Robot Galaxy
- Company type: Private
- Industry: Retail
- Founded: 2007
- Headquarters: New York, New York, U.S.
- Key people: Oliver Mitchell, Ken Pilot
- Products: Build-Your-Own Robots
- Number of employees: ~20
- Website: www.robotgalaxy.com

= Robot Galaxy =

Robot Galaxy was a mall-based retail and entertainment company that allowed children to build their own personalized robots. The Robot Galaxy brand included retail stores, an online virtual world, and a comic book series.

==History==
Robot Galaxy was founded in 2007 by entrepreneur Oliver Mitchell and former retail executive Ken Pilot . The first two stores opened October 2007; one in the Palisades Center in West Nyack, NY and the other in the Freehold Raceway Mall in Freehold, NJ. In November 2008, Robot Galaxy opened a store within Toys R Us Times Square .

==Retail==
The store experience allowed children to customize their own personal robots. Children began by picking a character from the comic book series and then choose from a variety of different motorized parts and accessories to construct a unique robot.
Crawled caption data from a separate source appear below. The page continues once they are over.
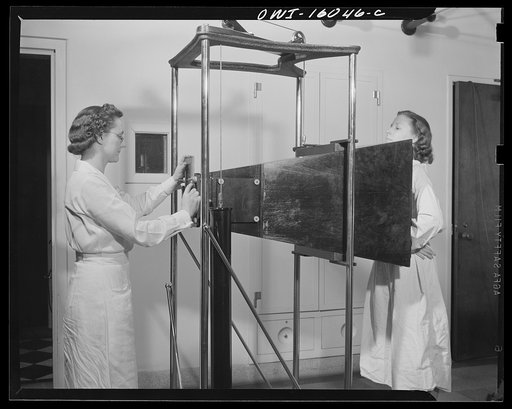 Detroit, Michigan. New method of making x-ray photographs size 4x5 inches instead of larger. Used at the Herman Kiefer Hospital for Communicable Diseases to show various stages of tuberculosis. Making an x-ray exposure by photographing the fluorescent screen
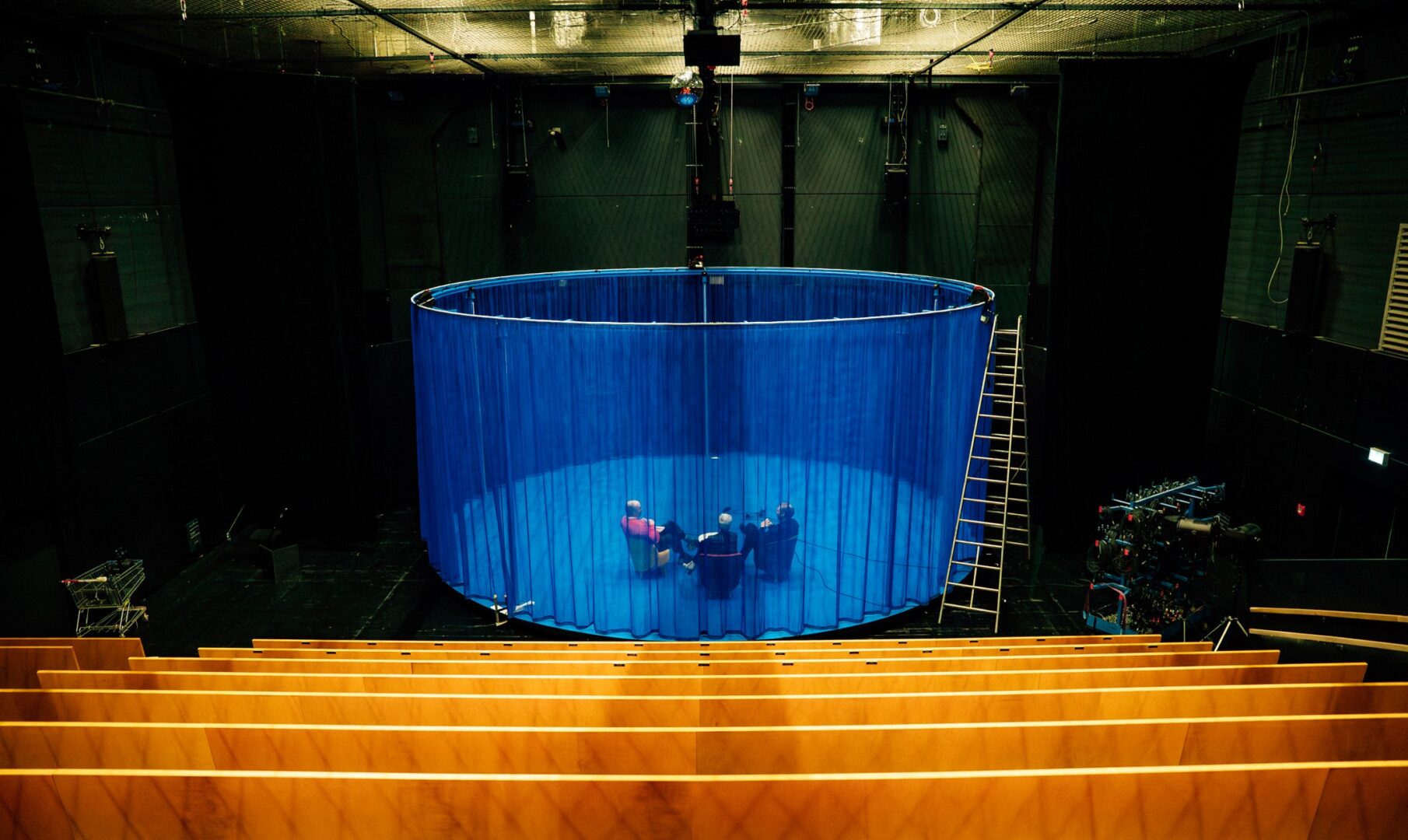 Man sieht vorne Bankreichen im Theater Central vom Düsseldorfer Schauspielhaus Im hinteren Drittel des Bildes die Bühne, in der Mittel der Bühne einen kreisförmig angelegten blauen Vorhang durch den man drei Personen sieht.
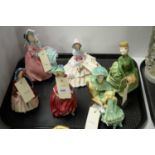 A selection of six Royal Doulton figures of ladies.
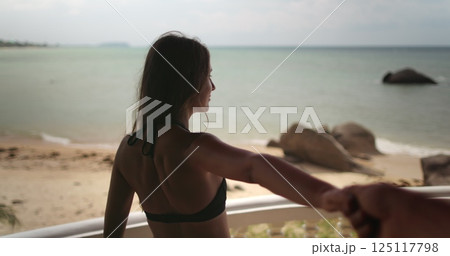 Woman in bikini stand on hotel villa balcony hold boyfriend hand show beautiful sea view sand beach ocean landscape. Travel Thailand exotic island. Couple tourist on summer vacation. Lifestyle holiday Woman in bikini stand on hotel villa balcony hold boyfriend hand show beautiful sea view sand beach ocean landscape. Travel Thailand exotic island. Couple tourist on summer vacation. Lifestyle holiday 125117798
Considering the number of robot parts to choose from, there were over a thousand possible robots.

Once activated, the robots have a USB connection that allowed robot owners to plug their robots into their computers, connecting to the Robot Galaxy virtual world.

==Online virtual world==
The online virtual world provided a safe community for children to play games and battle with other robots. By playing games and collecting points, children can unlock new features on their robots.

==Comic book series==
There are four comic books. The comic books explain the story of the Robot Galaxy, and include all robots available for sale in stores.